When Salmi visited Spring Hill, he was struck by the beauty of the campus, the commitment to a quality education, the enthusiasm of the faculty, and the professionalism of the student body.

Last fall he met with a group of students on a beautiful Saturday afternoon. “I don’t know what I was expecting, but I wasn’t expecting to walk into a room and see a group of young men and women in coats and ties and dresses. I thought, oh, this truly is the South!” he exclaimed. “I was both taken aback and impressed not only by how well dressed but also how well prepared they were for that interview. They asked very good questions, and we had a very good conversation.”
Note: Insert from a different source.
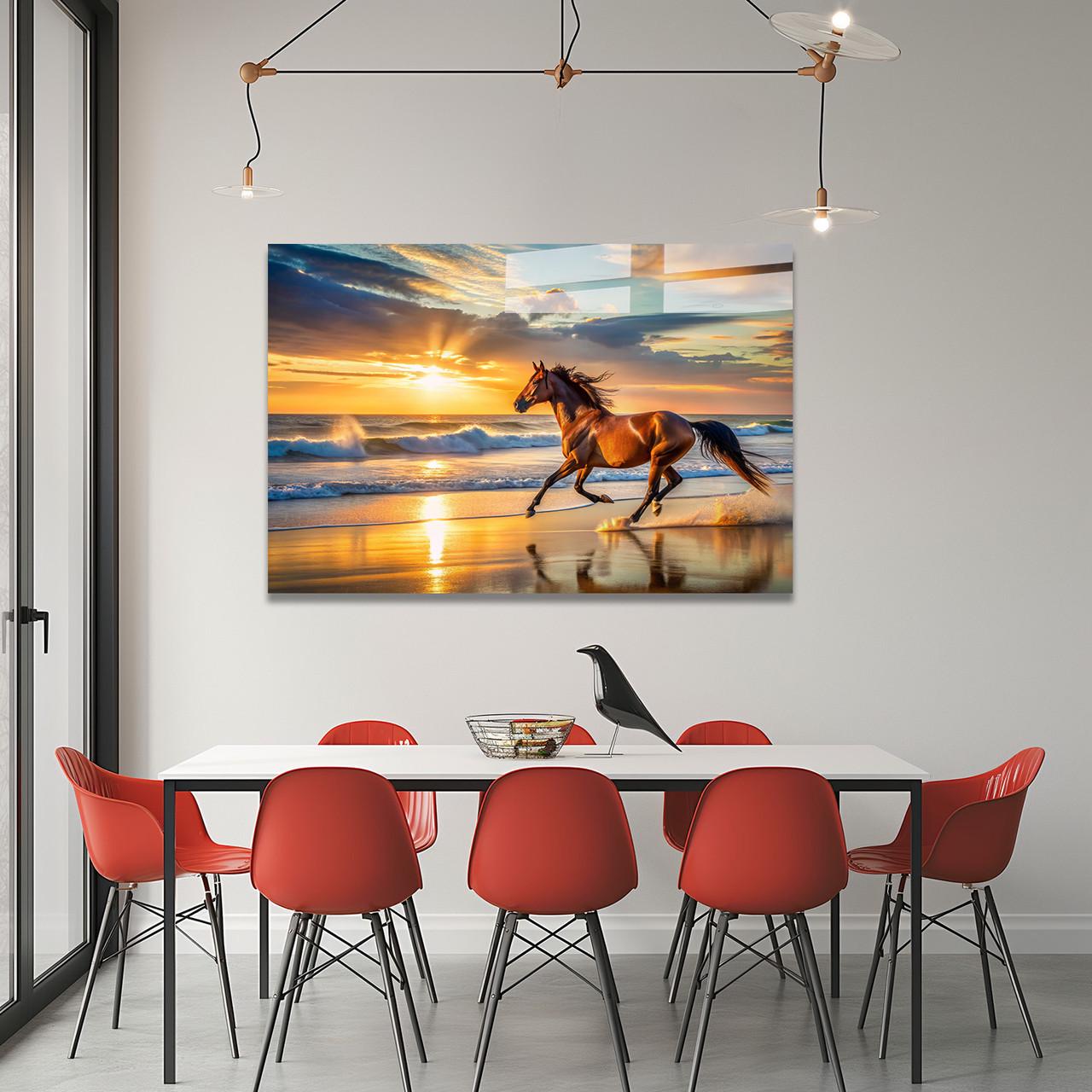 Картина на стекле NovellaPrint Закатная свобода 90х60 см (411.3)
Back in Cleveland and Chicago, Salmi’s family and friends were shocked that he was moving to “rural” Alabama. Salmi joked that he spent a lot of time convincing his family that Mobile has interstates, cars, stores and restaurants. “It is a small city, but it has big ideas and big plans, and I like that,” Salmi said.
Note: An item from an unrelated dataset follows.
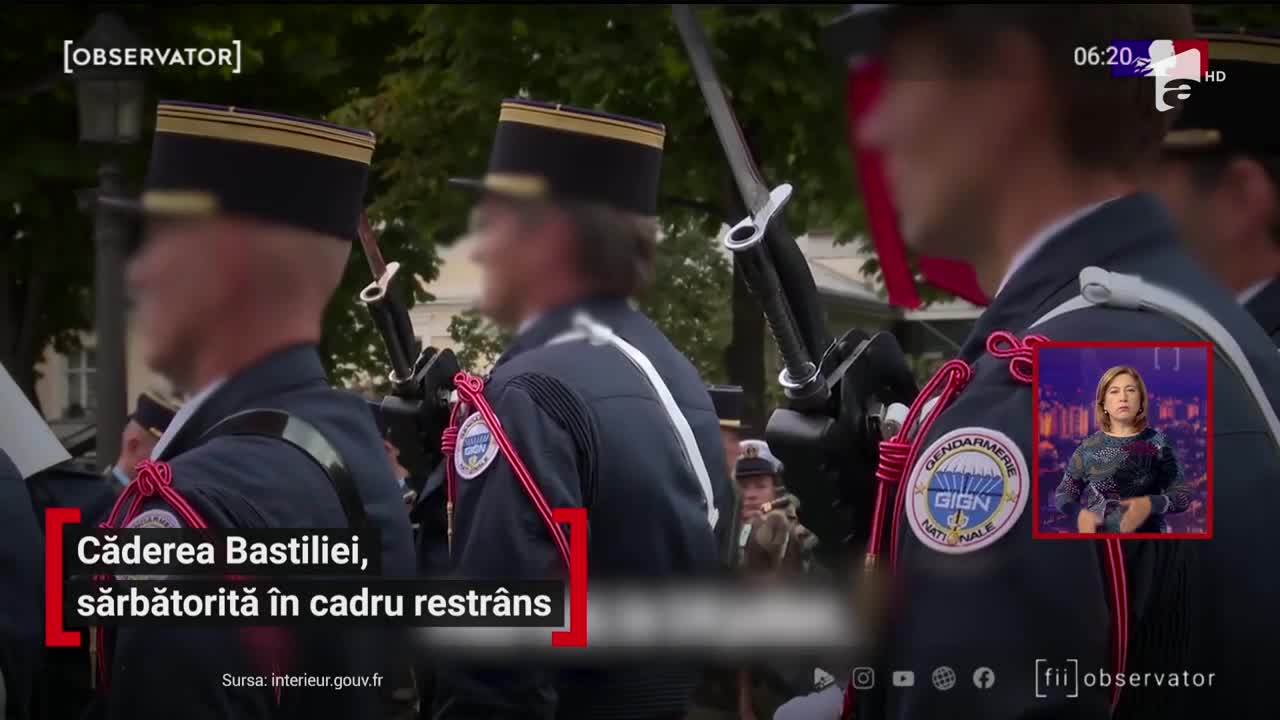 Căderea Bastiliei, sărbătorită &icirc;n cadru restr&acirc;ns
As a new president, Salmi has spent much of his time meeting with each department on campus and forming relationships with the Mobile community. He is focused on addressing the challenges the College is facing, particularly its financial situation.

“It’s no secret. We’ve all been impacted by the recession,” Salmi said. “The top priorities are financial stability and hopefully growth. My hope is that we can get this school back on solid financial ground, so we can start looking at compensation and programmatic improvements. We need to continue to improve all of our programs, but that takes financial resources.”
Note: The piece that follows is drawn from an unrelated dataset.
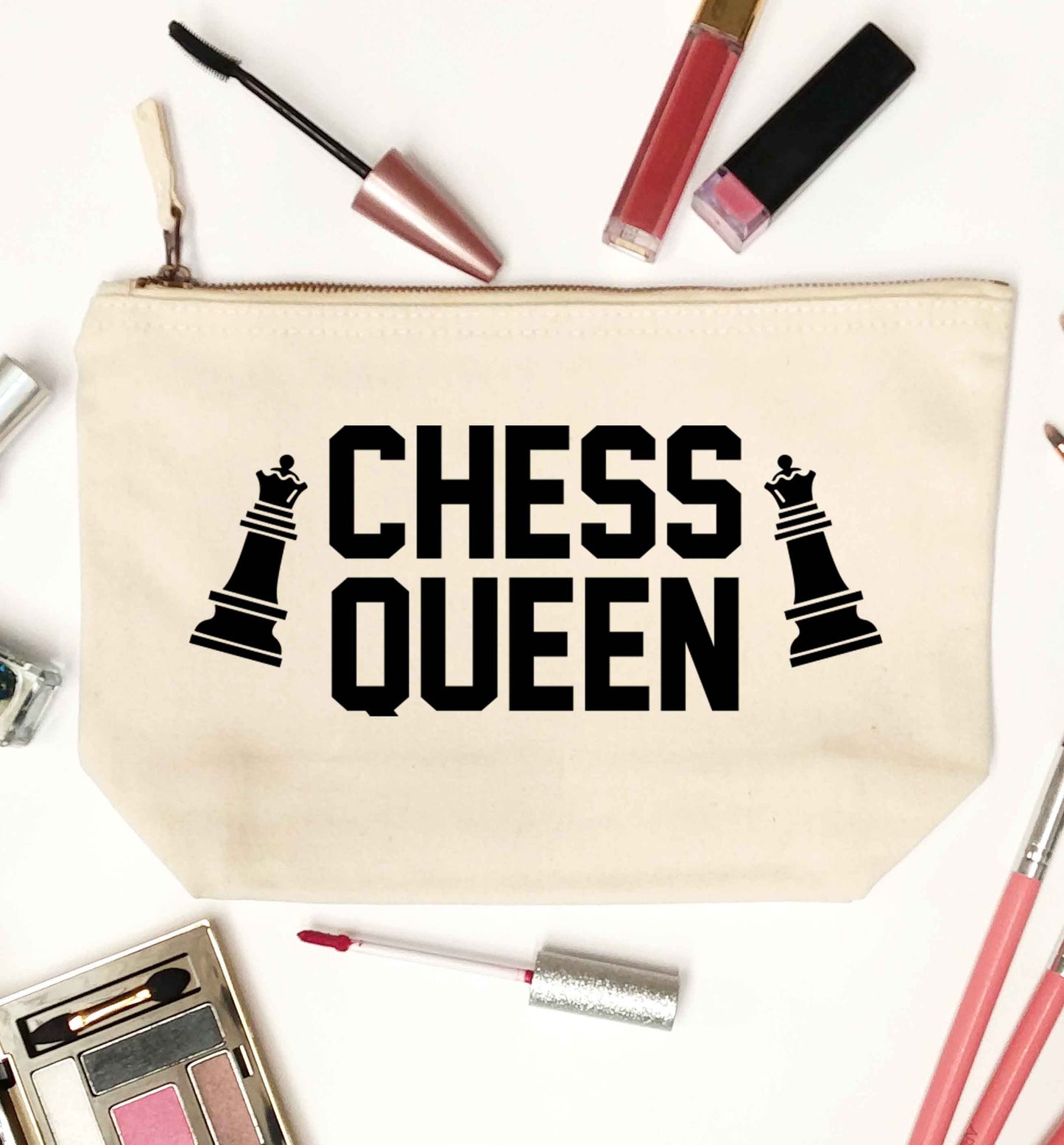 Chess queen natural makeup bag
Salmi is a fervent supporter of athletics and hopes to see the College improve athletically. Jim Hall joined the staff in October as the new director of athletics and recreation, and in 2010 the College is moving to the Southern States Athletic Conference. “I’d like to see Spring Hill winning championships again. It’s like anything else – if we’re going to do it, we should do it well,” he said.

Athletics is important for a number of reasons, Salmi explained. Student-athletes learn leadership skills and time management, as well as serve as ambassadors for the College. Athletics helps with recruitment and retention, not only for athletes interested in playing sports but also for students who enjoy being fans of winning teams. Athletics strengthens alumni ties and promotes Spring Hill in the Mobile community and the cities in which the College competes.

Often Salmi is seen riding his bike around campus. Since becoming the College president, he has little personal time; but his early morning bike rides and workouts are his time to think and pray.

Salmi said he expected that his first years as president would require a lot of hard work, “and I would say that’s proving to be true,” he said. “There are long days, but they are rewarding days. My life has been the College these last 90 days, and that’s OK. I didn’t expect otherwise. I’m happy and honored to know that my life is all about the College. The Jesuits talk about AMDG, for the greater glory of God – that’s what it’s about.”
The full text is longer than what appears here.